En ocasiones viajamos juntos. En Dakar conocimos un encierro fugaz en una comisaría, nos apretujamos en una guagua de paradas infinitas, nos subimos a una canoa y nos maravillamos con la misteriosa luminiscencia del río Casamance, fuimos hasta la isla de Diogué donde Sonko, el organizador de viajes hacia Canarias, nos sorprendió con los detalles de su negocio, y nos partimos de risa en Karabane cuando una araña gigante le dio un susto de muerte. Le recuerdo con nitidez micrófono y grabadora en mano, apoyado en una cerca de madera, contando y contando. O cargando su inmensa maleta con los pies en el agua o pisando moqueta en alguno de los premios que ha recibido. Daba igual, siempre era el mismo Nico.

Después lo llamaron a Madrid y se abrió camino en otras selvas. No importa lo lejos que estuviera la noticia, ahí estaba él. Sin dudarlo un instante, sus pasos le llevaron hacia el devastador terremoto de Haití, la terrible guerra de Sudán del Sur o República Centroafricana, el tsunami en Japón o la matazón del Mediterráneo, ya fuera en las costas griegas, junto a los ataúdes en fila de Lampedusa o a los pies de nuestras vallas llenas de espinas. Sus ojos reconocieron el mismo dolor de las playas de Fuerteventura en aquellos otros nadies y su voz siguió contando. La indignación renovada, cada vez más grande pero también inspiradora. La necesidad de seguir. Su compromiso es con ellos.
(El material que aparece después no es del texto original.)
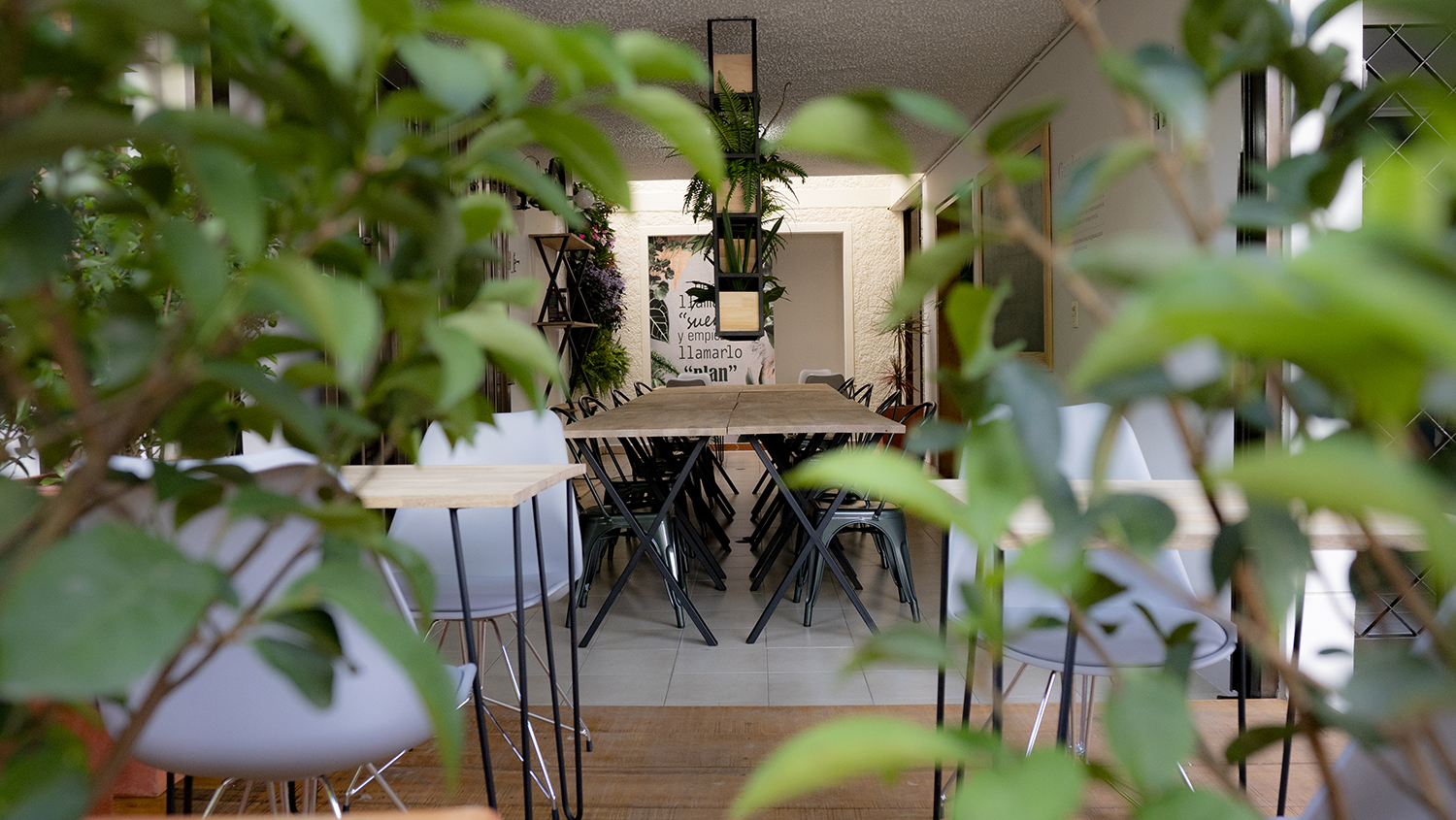 programadores-de-software-oficina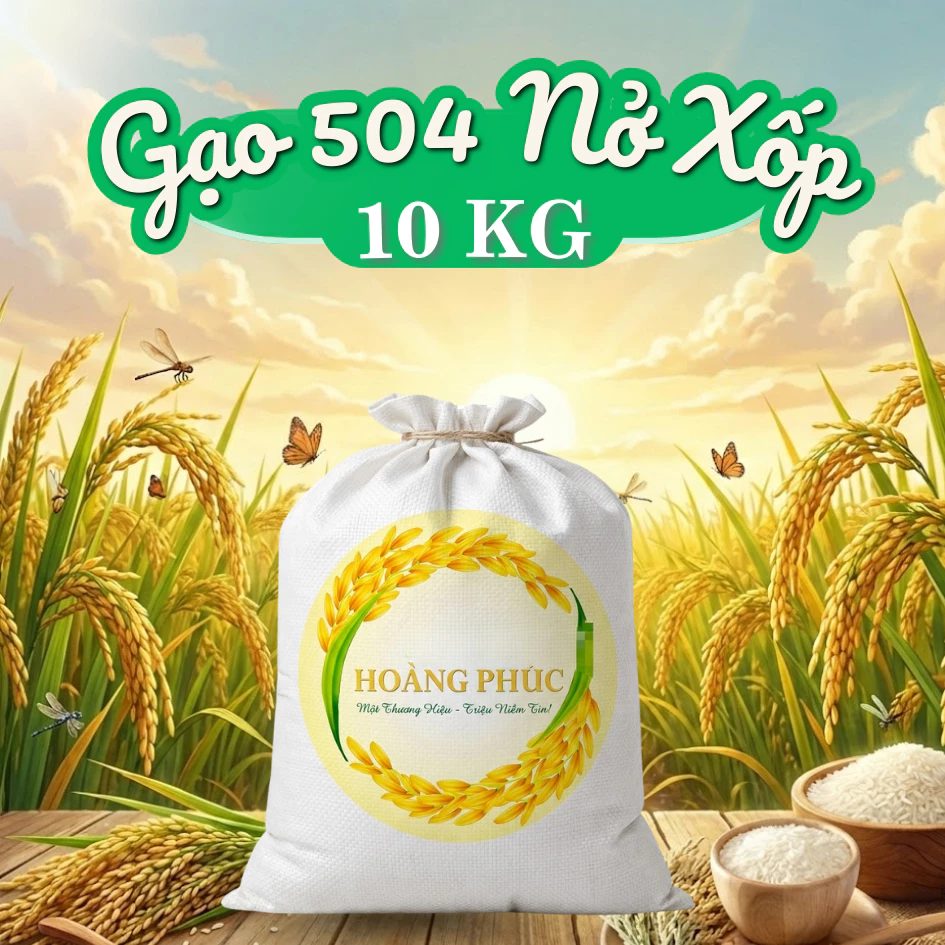 Gạo 504 Nở Xốp Khô Bao 10kg, Hạt Dài Bầu, Cơm Nở Nhiều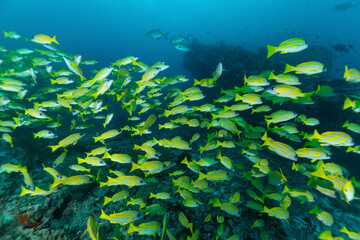 gruppo di pesci azzannatori striati, Lutjanus kasmira, sulla barriera corallina
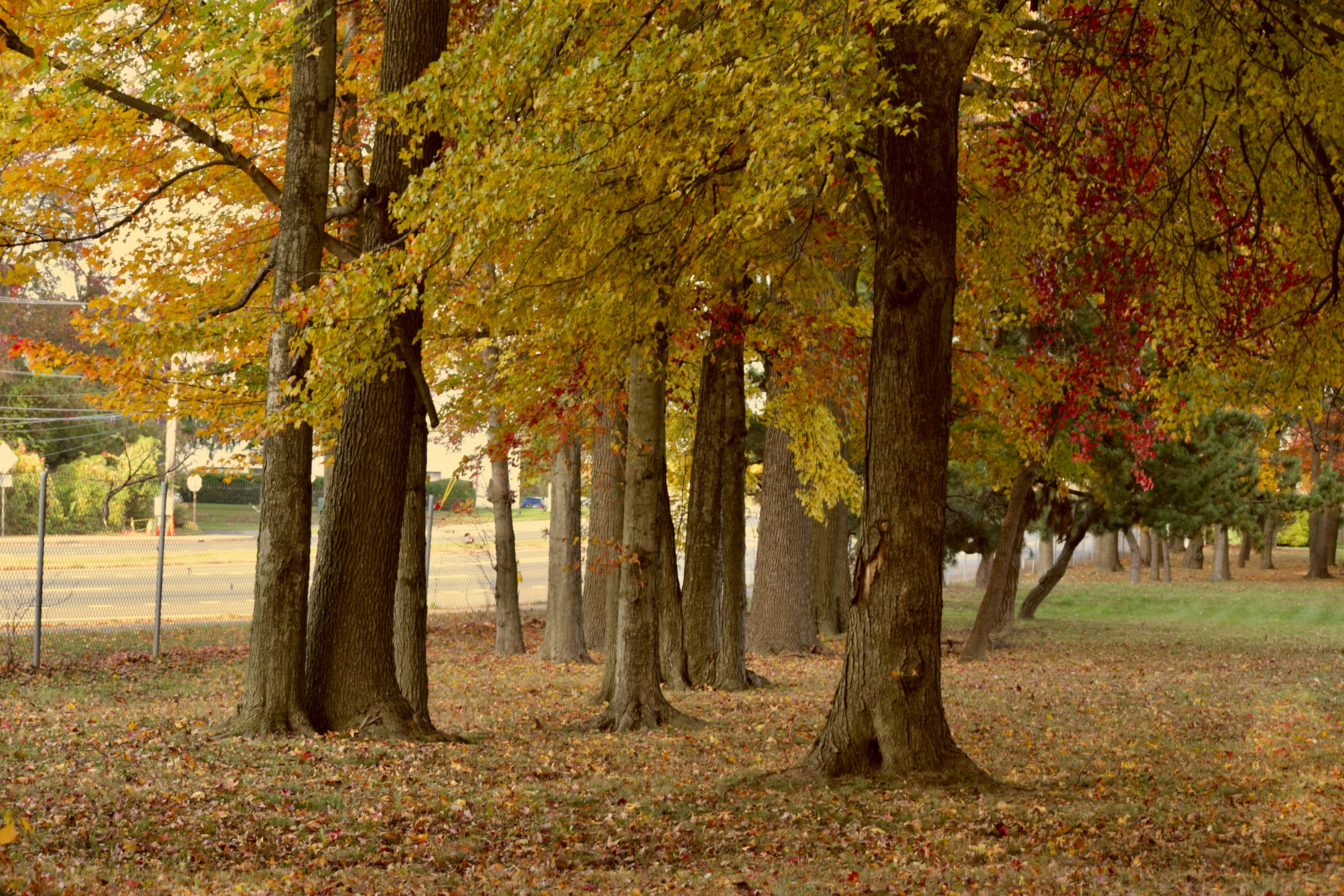 Our backyard. Welcoming fall in style.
Creo que hay dos diamantes que brillan en la manera de entender el periodismo de Nicolás Castellano: un rigor a prueba de bomba y el respeto por los protagonistas de sus historias. Da igual que sea un ministro o un campesino, un refugiado o un obispo: a todos se acerca con la misma curiosidad intacta de taxidermista pero siempre desde una enorme consideración. Por eso, porque el periodismo, el de las grandes historias bien contadas, está herido y preso de la cruel tiranía del espectáculo y la inmediatez, y porque a él le pierde el afán por entenderlo y explicarlo todo sin importar si invierte años en el empeño, aquel pibe de Melenara que sigue siendo, el nieto de Chele, el que da saltos de alegría en Bangui con el ascenso de su Unión Deportiva y el que disfruta tantísimo con sus amigos de toda la vida, sigue nadando contra corriente.

Su segundo libro, Me llamo Adou, no es sino una muestra de esa constancia. El Nico de siempre, más necesario que nunca.